= REQUIREMENT =
When you reach the line below that has "Locandina di Dragon", start returning lines exactly, and stop after the line that has "Tense, Attitudes, and"; skip the pictures.

Stored items
== Segment start ==
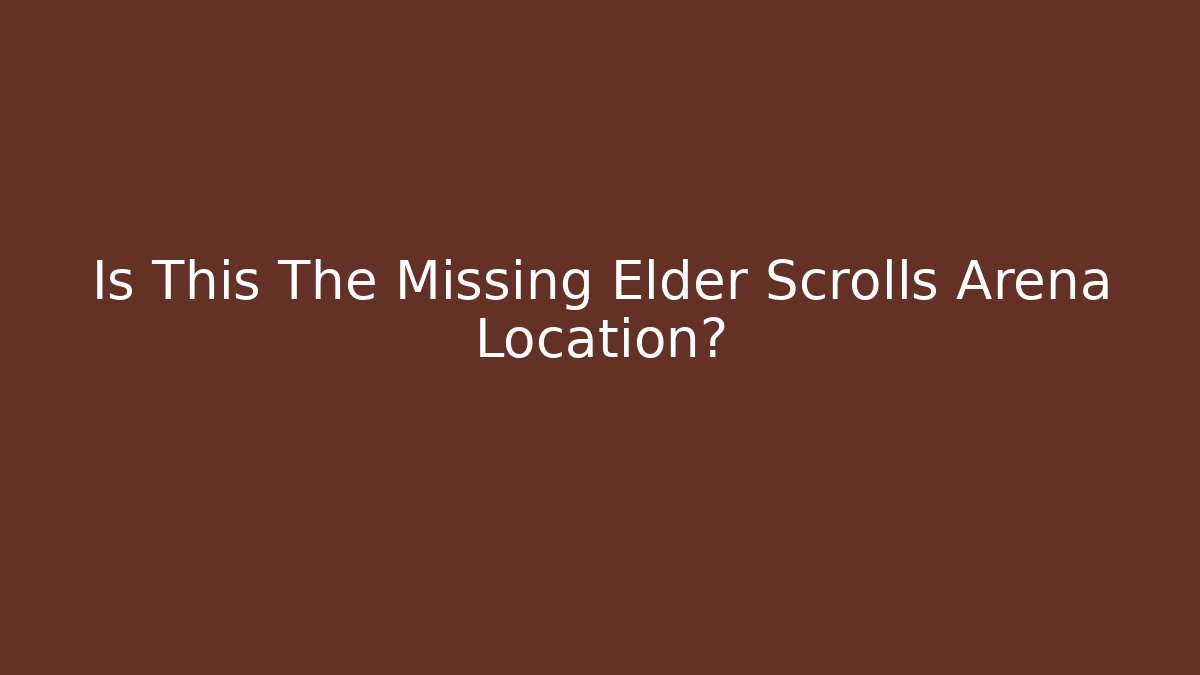 Is This The Missing Elder Scrolls Arena Location?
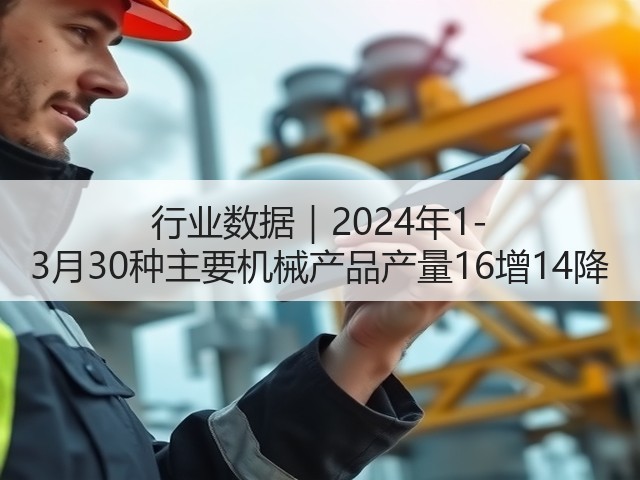行业数据|2024年1-3月30种主要机械产品产量16增14降 行业数据|2024年1-3月30种主要机械产品产量16增14降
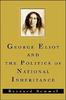 Книга George Eliot and the Politics of National Inheritance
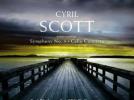 Cyril SCOTT : Concerto pour violoncelle et orchestre. Symphonie n° 1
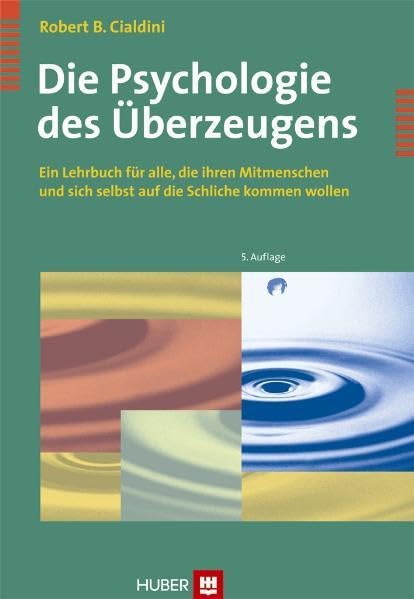 Die Psychologie des Überzeugens: Ein Lehrbuch für alle, die ihren Mitmenschen und sich selbst auf die Schliche kommen wollen Psychology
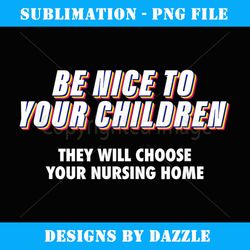 be nice to your children they will choose your nursing home - aesthetic sublimation digital file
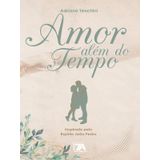 Amor Além Do Tempo
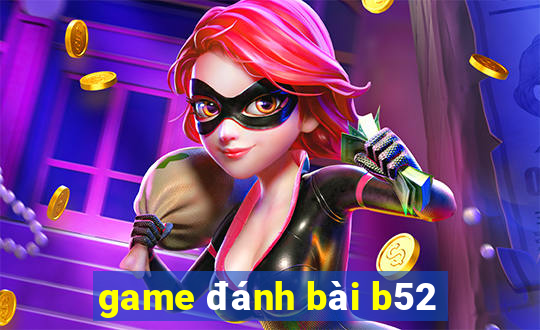 game đánh bài b52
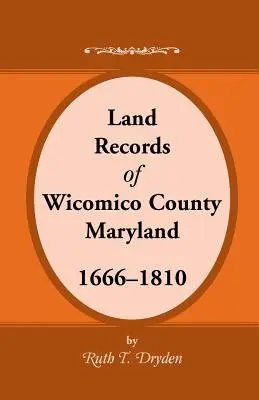 Rejestry gruntów hrabstwa Wicomico w stanie Maryland, 1666-1810 - Land Records Wicomico County, Maryland, 1666-1810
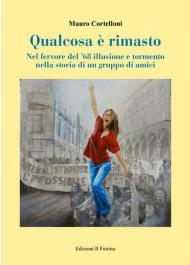 Qualcosa è rimasto. Nel fervore del '68 illusione e tormento nella storia di un gruppo di amici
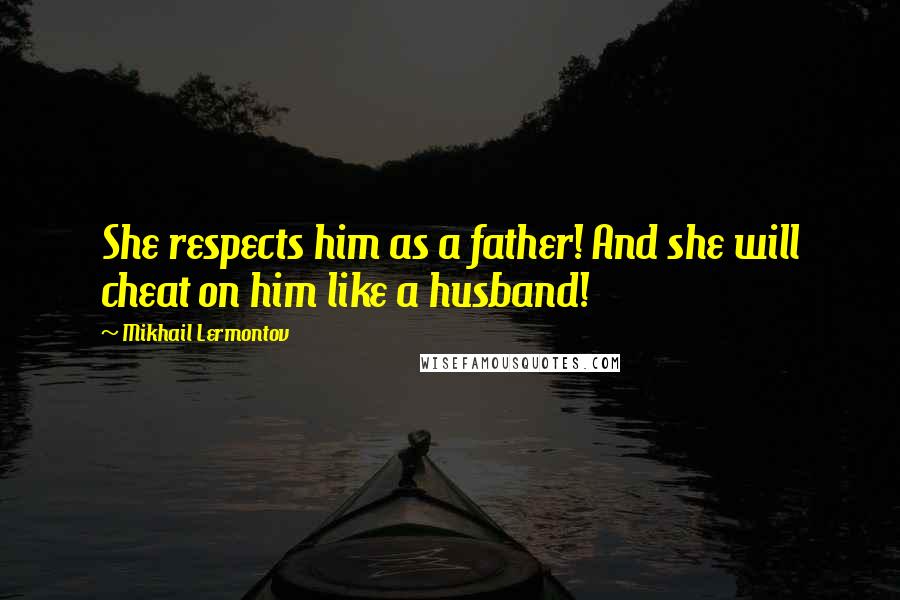 Mikhail Lermontov Quotes: She respects him as a father! And she will cheat on him like a husband!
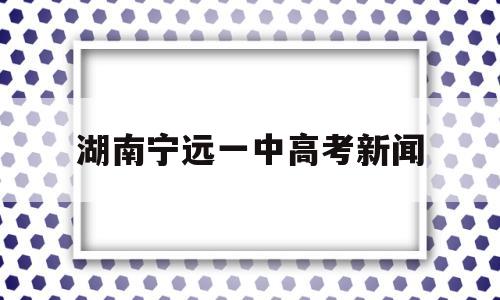 湖南宁远一中高考新闻 湖南宁远一中2019年高考成绩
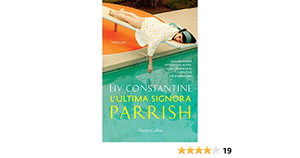 L'ultima signora Parrish by Liv Constantine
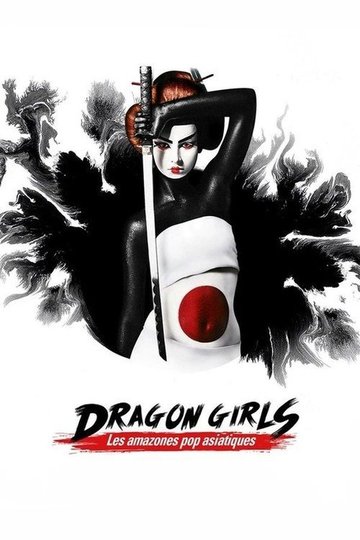Locandina di Dragon Girls! Les amazones de la pop culture asiatique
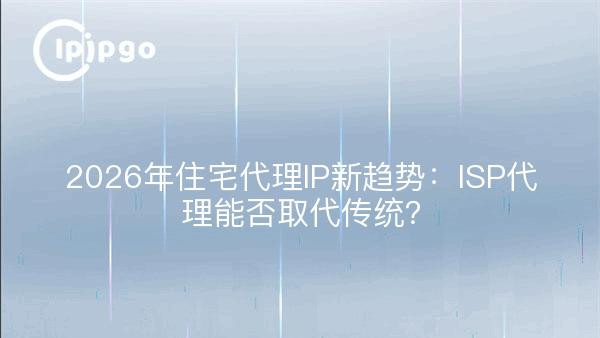 2026年住宅代理IP新趋势：ISP代理能否取代传统？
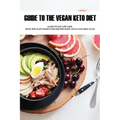Guide To The Vegan Keto Diet: Learn To Eat Low Carb With 100% Plant-Based Food Recipes Book, Plus 21-Day Meal Plan: Plant-Based Recipe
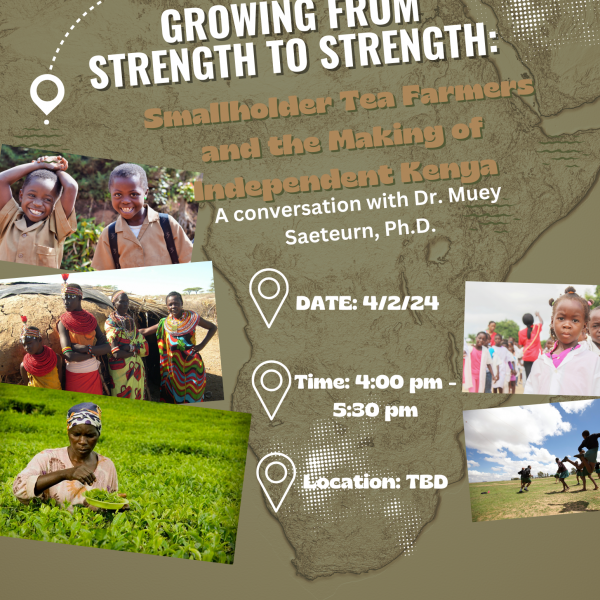 AFAS Speaker Series: Smallholder Tea Farmers and the Making of Independent Kenya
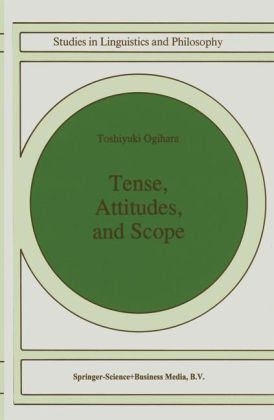 Tense, Attitudes, and Scope -  T. Ogihara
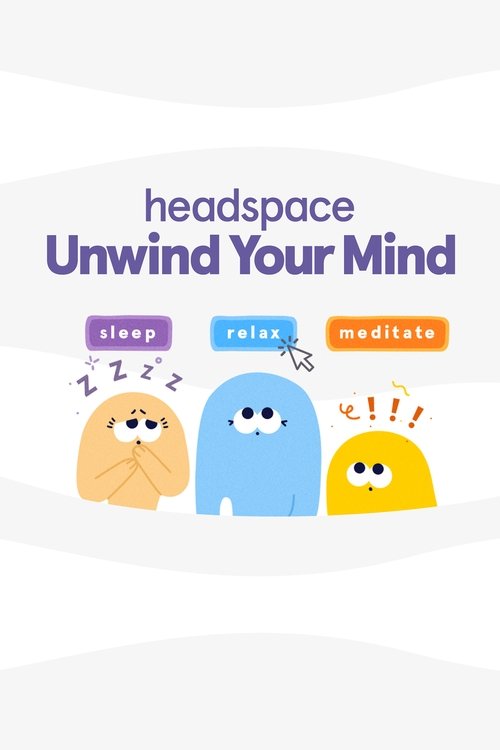 Headspace: Unwind Your Mind (2021) movie poster
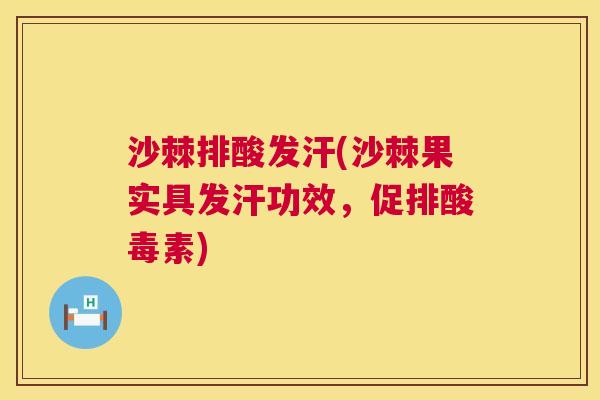 沙棘排酸发汗(沙棘果实具发汗功效，促排酸毒素)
== Segment end ==
= SOLUTION TO THIS EXERCISE =
Locandina di Dragon Girls! Les amazones de la pop culture asiatique
 2026年住宅代理IP新趋势：ISP代理能否取代传统？
Guide To The Vegan Keto Diet: Learn To Eat Low Carb With 100% Plant-Based Food Recipes Book, Plus 21-Day Meal Plan: Plant-Based Recipe
 AFAS Speaker Series: Smallholder Tea Farmers and the Making of Independent Kenya
 Tense, Attitudes, and Scope -  T. Ogihara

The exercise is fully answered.